> >We should have _clearly_ opposed "peace-keepers" and argued against
> >the ETAN, Australian unionists, etc. that called for an imperial
> >military intervention. An unpopular position among liberals &
> >leftists at that time, yes, but we should have.
>So that tens of thousands more East Timorese could have been killed? Ah,
>yes. At least you have your principles. Too bad they don't deflect bullets
>People familiar with ET's history and who cared about what happened to the
>Timorese (as opposed to those who, at a comfortable distance, use the
>situation to bludgeon other leftists) had an extremely difficult decision
>to make: support the intervention, and stop the killing but risk ET
>becoming a UN fiefdom; or oppose the intervention and, well,
>see-what-happens. In other words, a decision with a tremendous amount of
>moral consequence. Your self-assured and unsubtle (and, I might add, late
>in arriving) should-haves don't factor in any of it. As Emily Dickinson
>might say (if I coached her a bit): "She sweeps with single-colored
>Brooms--/ And leaves the Shreds behind--"

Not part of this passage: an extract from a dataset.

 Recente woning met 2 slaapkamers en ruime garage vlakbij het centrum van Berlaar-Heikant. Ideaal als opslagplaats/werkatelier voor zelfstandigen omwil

There were other alternatives besides the above two (e.g., oppose a military intervention, but protest against one's own government's support of Indonesian persecution of the East Timorese), but, in any case, having considered all available alternatives, one must make a moral & political decision after all *in time*. One can't hold two or more mutually incompatible political positions at the same time (e.g., one can't call for and oppose a military intervention at the same time); pretending to be able to do so is not called subtlety -- it is either stupidity or incapacity to make up one's mind. The law of the excluded middle holds in this instance: yes or no to a military intervention & UN colonization of East Timor. Subtlety matters in tactical discussion of how to accomplish your goal once you decide on yes or no (for instance, if you oppose an Australian military intervention, how do you reply to your fellow activists who may ask, "So that tens of thousands more East Timorese may be killed?"), but the choice between yes or no itself can't be subtle. Saying "yes and no" on such issues as a military intervention in East Timor doesn't communicate your political message to your fellow activists. The lack of clarity entails a "tremendous amount of moral consequence."
>Instead of viewing these
>"humanitarian interventions" as a part of the continuum of imperialism, you
>see it as a betrayal by those who are supposed to be on your side--just as
>your automatic and absolute conflation of intervention and imperialism
>ensures that you will never have to make a complicated decision.
I view "humanitarian interventions" as a part of the continuum of imperialism.
> >BTW, I saw a few people who were carrying "Free Tibet" placards in
> >the Ellipse on A16. It's good that there weren't many more, but it's
> >disturbing that there were some.
>BTW, can you read these sentences and still not understand why someone
>might call you a Stalinist?
Dogmatic Stalinists & Trotskyists should support the national independence for Tibet*, but I'm neither dogmatic nor Stalinist nor Trotskyist; besides, my principles do not include automatic support for all movements that claim to be working for national independence. I'd only support progressive ones, and I don't consider the Free Tibet crowd to be progressive. If you support the independence for Tibet, that's your choice, and you're in good company (e.g. many beautiful people in Hollywood).
* See, for instance, Stalin, "Marxism and the National Question" at <http://gate.cruzio.com/~marx2mao/Stalin/MNQ12.html>:
"The right of self-determination means that only the nation itself has the right to determine its destiny, that no one has the right forcibly to interfere in the life of the nation, to destroy its schools and other institutions, to violate its habits and customs, to repress its language, or curtail its rights.
This, of course, does not mean that Social-Democracy will support every custom and institution of a nation. While combating the coercion of any nation, it will uphold only the right of the nation itself to determine its own destiny, at the same time agitating against harmful customs and institutions of that nation in order to enable the toiling strata of the nation to emancipate themselves from them.
The right of self-determination means that a nation may arrange its life in the way it wishes. It has the right to arrange its life on the basis of autonomy. It has the right to enter into federal relations with other nations. It has the right to complete secession. Nations are sovereign, and all nations have equal rights."
According to Stalin's criteria of what characterizes a nation, Tibet should count as a nation. Therefore, based upon the Stalinist principles on the national question, you may as well wave a "Free Tibet" banner.